Garbage Collector Deep Dive - Concurrent Tri-Color Mark-and-Sweep
Deep technical exploration of Go's concurrent garbage collector, tri-color marking, write barriers, STW pauses, GC pacer, mark assist, and strategies for reducing GC pressure and latency.
Garbage Collector Deep Dive
The Go garbage collector is one of the most sophisticated pieces of the runtime. It manages the challenging problem of reclaiming memory while keeping pause times low and allowing the program to run concurrently. Understanding how it works is key to writing low-latency Go applications.
GC Algorithm Overview: Concurrent Tri-Color Mark-and-Sweep
Go uses a concurrent, tri-color mark-and-sweep garbage collector. This is not a generational or copying collector — it's a mark-and-sweep design similar to classical algorithms, but with clever concurrency mechanics.
The algorithm has five phases:
Time ──────────────────────────────────────────────────────────────────►
┌────────────────────────────────────────────────────────────┐
│ Phase 0: Sweep Termination │
│ - Finish any sweeping from previous GC cycle │
└────────────┬───────────────────────────────────────────────┘
│ (brief, ~microseconds)
▼
┌────────────────────────────────────────────────────────────┐
│ Phase 1: Mark Setup (STW) │
│ - Stop the world (no goroutines running) │
│ - Enable write barrier │
│ - Scan globals and stacks (all root pointers) │
└────────────┬───────────────────────────────────────────────┘
│ (STW pause ~0.1-1ms)
▼
┌────────────────────────────────────────────────────────────┐
│ Phase 2: Marking (Concurrent) │
│ - Application goroutines run │
│ - Mark goroutines scan object graph │
│ - Write barrier tracks mutations │
│ - Most time spent here (100-1000ms typical) │
└────────────┬───────────────────────────────────────────────┘
│ (program runs while marking)
▼
┌────────────────────────────────────────────────────────────┐
│ Phase 3: Mark Termination (STW) │
│ - Stop the world again │
│ - Re-scan root set (changed since phase 1) │
│ - Disable write barrier │
│ - Determine what's garbage (unmarked objects) │
└────────────┬───────────────────────────────────────────────┘
│ (STW pause ~0.5-2ms)
▼
┌────────────────────────────────────────────────────────────┐
│ Phase 4: Sweep (Concurrent) │
│ - Application runs │
│ - Background goroutine sweeps: marks spans as free │
│ - Freed memory returns to allocator │
└────────────────────────────────────────────────────────────┘
(overlaps with next cycle's marking)
Goroutine Timeline:
Phase 1 Phase 2 Phase 3 Phase 4
(STW) (Concurrent) (STW) (Concurrent)
| | | | |
▼ ▼ ▼ ▼ ▼
═══════ ════════════ ════════════════
Pause Run (with Pause Run
barriers) (sweep)The Tri-Color Invariant: White, Grey, Black
The marking process uses three colors to track object status:
┌──────────────────────────────────────────────────────────┐
│ Heap Memory │
├──────────────────────────────────────────────────────────┤
│ │
│ ◯ White Grey ◯ Black │
│ ∘ = untouched ◐ = reachable ◑ = reachable │
│ ∘ = might ◐ = but children ◑ = and children │
│ ∘ = be dead ◐ = not yet ◑ = fully scanned │
│ scanned │
│ │
│ ┌──────┐ ┌──────┐ ┌──────┐ ┌──────┐ │
│ │ │ │ │ │ │ │ │ │
│ │◯Obj1 │ │◐Obj2 │ │◑Obj3 │ │◯Obj4 │ │
│ │ │ │ │ │ │ │ │ │
│ │white │ │grey │ │black │ │white │ │
│ └──────┘ └──────┘ └──────┘ └──────┘ │
│ │
└──────────────────────────────────────────────────────────┘
Invariant: Black objects can never directly point to white objects.

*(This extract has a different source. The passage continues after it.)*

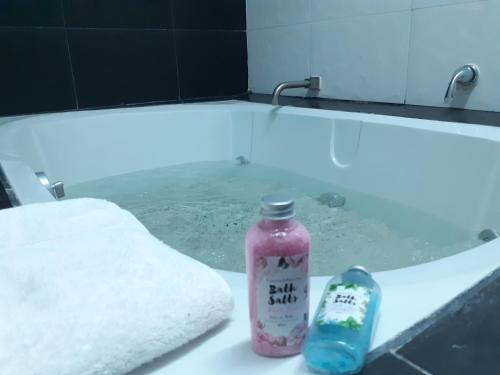 a bath tub with a bottle of soap and a towel at Aparta-Hotel CASA REAL Apartamentos in Chapala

(Enforced by write barrier)
If B (black) assigns a pointer to W (white):
B.field = W
Write barrier intercepts:
1. Mark W as grey (if not already)
2. Add W to mark stack
3. Later, W will be scanned
This prevents W from being mistakenly collected while B points to it.Marking Process
Start of Marking Phase:
All reachable objects = grey
All unreachable objects = white
No objects are black yet
┌──────────────────────────┐
│ Global variables point to│
│ objects, mark them grey │
└─────────┬────────────────┘
│
▼
┌──────────────────────────────────────┐
│ Scan grey object: │
│ - Follow all pointers in object │
│ - Mark targets as grey (if white) │
│ - Mark current object as black │
└─────────┬──────────────────────────────┘
│
├─ Repeat: scan next grey object
│
└─ Until no grey objects remain
│
▼
┌──────────────────┐
│ All white objects│
│ = garbage │
│ = collect them │
└──────────────────┘Example walkthrough:
Initial:
Root: A ── B ── C
── D
E (unreachable)
After marking completes:
Reachable:
A (black) ── B (black) ── C (black)
├── D (black)
Unreachable:
E (white) ◄─ Garbage! Sweep will free it.Write Barrier: Protecting Concurrent Safety
When a goroutine modifies a pointer during marking, the write barrier ensures the GC doesn't miss objects. Go uses a hybrid barrier (since Go 1.8):
Dijkstra Insertion Barrier + Yuasa Deletion Barrier = Hybrid
Dijkstra (insertion):
Any new edge that points from black to white
must mark target as grey
Yuasa (deletion):
Any edge deleted that pointed from grey to white
must preserve the white object (by marking as grey)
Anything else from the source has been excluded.